Legs are quite a difficult thing to pump up. The muscle fibers of the leg muscles may be poorly developed in many beginning athletes. There could be a lot of reasons for this. This is a feature of the muscle fibers themselves, which react to heavy weights and explosive training, and insufficient knowledge in this area and laziness, etc. But that’s not about that now.

The specific tips given below should help everyone who puts them into practice to increase muscle mass legs This is a universal protocol for successful training legs:

  • It is advisable to train your legs on the very first day of your training week(Monday or Tuesday) separately from all muscle groups.
  • Quadriceps need to be trained in pumping mode, and this means a minimum of 12-15 repetitions per set. On the contrary, the buttocks and biceps of the thighs need to be “bombed” with a small number of repetitions; they respond well to this. Namely 4-6 repetitions with heavy weight.
  • At the end of the week Special attention pay attention to the biceps of the thighs and work them out in the next workout.
  • Do specific workouts once a week, if possible. During such leg training, you will need to jump on high supports, run on short distances at a powerful pace, jump forward and upward from a standing position. This is a fundamentally different workout for your legs and it affects them in a special way.

Bench press

Bodybuilding experts who have studied muscle function during the bench press have noticed that during this basic exercise, the muscles of the upper back are subject to static tension. This is necessary in order to ensure stabilization of the arms. Exactly the same role is played by the triceps, which tense statically at the very beginning of the exercise. This tension helps keep your elbows bent at right angles. But since the force of static tension in the back and triceps muscles is too small, this prevents you from pressing 100%.

To solve this problem, you just need to force the triceps muscles and back muscles to contract much more intensely. An ordinary rubber shock absorber closed in a ring, which you need to put on your wrist and twist it in a figure eight, will help you achieve this goal. Only after you have stretched the shock absorber can you grab the barbell. This very stretching activates the stabilizer muscles, as a result they contract stronger and this will definitely make you press harder.

If you work in this style for at least a couple of weeks or a month, then at the end you will gain 100% in bench strength, and therefore in muscle mass!

How to do a deadlift correctly

This mega-exercise is considered incredibly important for those who have decided to seriously gain weight. As they say, “you can’t get more basic.” But here everything is not so simple, naturally. This exercise is recognized as one of the most traumatic for bodybuilders.

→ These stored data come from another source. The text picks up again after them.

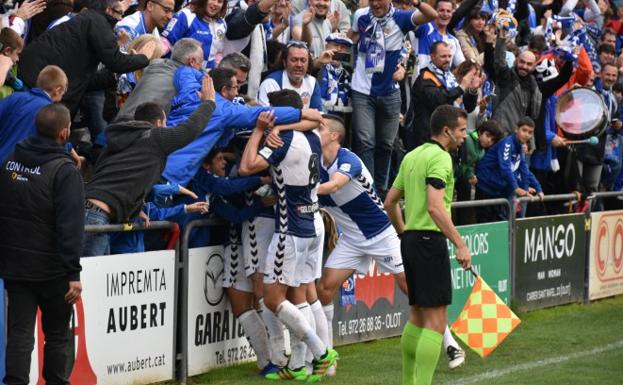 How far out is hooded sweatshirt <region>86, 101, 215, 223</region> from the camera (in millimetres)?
9211

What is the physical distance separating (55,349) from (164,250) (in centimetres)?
203

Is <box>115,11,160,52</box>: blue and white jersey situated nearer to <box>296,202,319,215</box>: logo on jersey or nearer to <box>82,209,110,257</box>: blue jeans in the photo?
<box>296,202,319,215</box>: logo on jersey

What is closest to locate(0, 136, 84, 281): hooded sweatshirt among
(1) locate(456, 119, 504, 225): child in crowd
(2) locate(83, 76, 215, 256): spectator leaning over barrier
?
(2) locate(83, 76, 215, 256): spectator leaning over barrier

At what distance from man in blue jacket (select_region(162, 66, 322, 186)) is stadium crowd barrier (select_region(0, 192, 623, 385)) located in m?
0.49

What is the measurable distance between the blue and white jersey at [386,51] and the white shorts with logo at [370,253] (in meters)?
2.62

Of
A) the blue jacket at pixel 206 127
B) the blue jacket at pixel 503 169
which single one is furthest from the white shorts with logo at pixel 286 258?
the blue jacket at pixel 503 169

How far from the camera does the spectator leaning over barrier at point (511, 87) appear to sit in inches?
612

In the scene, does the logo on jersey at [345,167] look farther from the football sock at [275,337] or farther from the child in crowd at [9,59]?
the child in crowd at [9,59]

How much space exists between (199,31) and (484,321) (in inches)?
163

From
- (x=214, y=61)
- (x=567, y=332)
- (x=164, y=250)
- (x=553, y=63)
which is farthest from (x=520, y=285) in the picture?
(x=164, y=250)

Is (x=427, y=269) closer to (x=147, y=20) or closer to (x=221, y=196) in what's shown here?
(x=221, y=196)

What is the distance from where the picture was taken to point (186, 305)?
404 inches

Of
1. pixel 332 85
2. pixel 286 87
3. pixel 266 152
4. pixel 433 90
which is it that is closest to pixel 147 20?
pixel 286 87

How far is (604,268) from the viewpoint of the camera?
55.0 ft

There is a particular danger for those who are very for a long time worked for sedentary work and thereby significantly weakened the lower back muscles. For such people, the deadlift should be almost a forbidden exercise. No, of course you can and should do deadlifts, but with a special approach. Follow these tips and you'll deadlift injury-free while adding weight to the barbell:

You must set yourself the goal of developing simply impeccable technique for this exercise, bringing it to automatism. In this exercise, this is especially important, because later you will be able to lift “brutal” weights and any mistake in technique can cost you serious injury, very serious. Therefore, I considered it necessary to once again pay attention to the technique, giving you a clear scheme for performing the exercise in 3 stages. Please note again:

Start: lift the weight off the support or floor very slowly.

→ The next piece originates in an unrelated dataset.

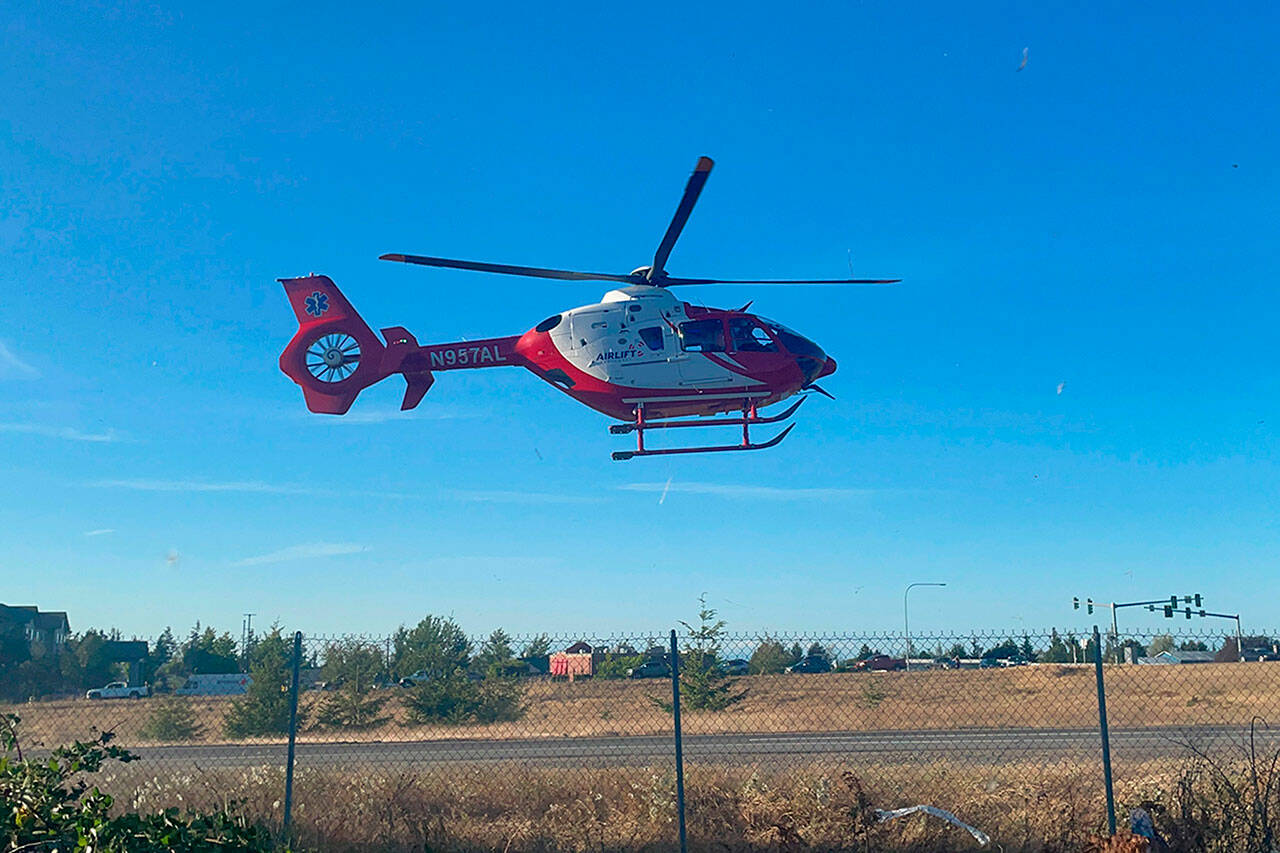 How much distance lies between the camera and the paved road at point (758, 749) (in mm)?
16203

Middle: immediately after lifting the barbell from the support, begin to accelerate the rate of lifting, but without sudden movements. Everything is very smooth.

Finish: after the bar passes the line of your knees, the lifting speed should become maximum. But don't lean too far back due to inertia. This can cause injury to the lower back due to hyperextension. When the body is strictly vertical, stop and fix this position.

IMPORTANT: for deadlifts, use special “pulls” that will help you hold the weight with your hands. They look like this:


Kettlebells to help the “base”

Kettlebells will help you activate and significantly speed up progress in all basic exercises. In the near future you can experience for yourself the truth of this statement and its effectiveness. After some effective exercises with kettlebells - you should feel the following:

  • clear fat burning effect
  • increase in functional strength
  • more pronounced muscle relief and definition

This effect is achieved by jerks, pushes and swings, which are characteristic of all exercises with weights. I advise you to try at least 3 exercises on yourself, which are described below. These exercises are little known in bodybuilding and are rarely used. If you suddenly become interested, you can try them for yourself, and then write down in the comments what it gave you. It will be very cool and interesting, so don't be shy!


1) "Gladiator" - to perform this exercise, you need to lean sideways on your straight arm. The free leg must be raised and held in weight. With your free hand, press the weight upward. After the number of repetitions acceptable to you, turn over to the other side and repeat the exercise.

2) Kettlebell squat press - to begin with, you need to take a squat position, but at the same time you need to keep your arm straight with the kettlebell above your head. The second hand holds the second weight, which lies on the floor. Stand up from a squat position and at the same time lift the second kettlebell with your other hand to your shoulder. Press the kettlebell overhead.

3) Lunges with kettlebells - you need to squeeze 2 weights above your head and hold them with straight arms. In this position, do walking lunges. Walk 10 meters, turn around and go back.

Try, experiment, dare. Perhaps these exercises will especially “spur” your progress in basic bodybuilding exercises. Be that as it may, always remember the ability of our muscles to respond favorably to new loads and exercises. So surprise them and they will thank you generously!

At the end of the article, I advise you to watch a useful video. Well done guys, they made a really good and useful video. You will learn some more “tricks” regarding basic exercises in bodybuilding, which I did not describe in this article:

Or maybe the “base” is not needed at all?

Nowadays, I increasingly come across opinions on the Internet of people who are against performing squats with a barbell, deadlifts, and any jerking of barbells, lifting them overhead, etc. I have yet to meet opponents of the bench press, either in reality or virtually. There are quite adequate reasons for this that can be explained.

  1. Firstly, due to improper execution of basic exercises, people get injured because they work with heavy weights. . But should this be taken as inevitable? No, 100% no. Injuries occur due to incorrect execution technique, this is understandable. And anyone who is against the base for this reason simply has not mastered the impeccable technique and has lost caution.
  2. Secondly, many do not see the effect of the base. Again, it’s all about how the weight is built up and the technique is followed. If you do everything correctly, it is impossible not to get results!
  3. Thirdly, many bodybuilders say that the squat-dead-press base is the base for powerlifters. But for bodybuilders such a base is not the main one. There is a deal of truth in it. Indeed, powerlifters focus on these 3 exercises. And indeed bodybuilding and powerlifting are two different things. But, nevertheless, all successful bodybuilders make this very base and you will not convince them that you can do without it.

This can be debated forever, and there will always be debate about it. Some do, some don't. And everyone thinks that he is right. I believe that the wisest thing in this situation would be to remain unconvinced and not convince anyone.

Because the most important thing in this matter is not naked rightness, but a concrete result. If you say that the base is nonsense, show in practice that it is so. Create for yourself beautiful body without a base, and everyone will be silent.

And if you say that you can’t go anywhere without a base, you should look the part. In short, no matter what you say, theory will not work here - prove it in practice.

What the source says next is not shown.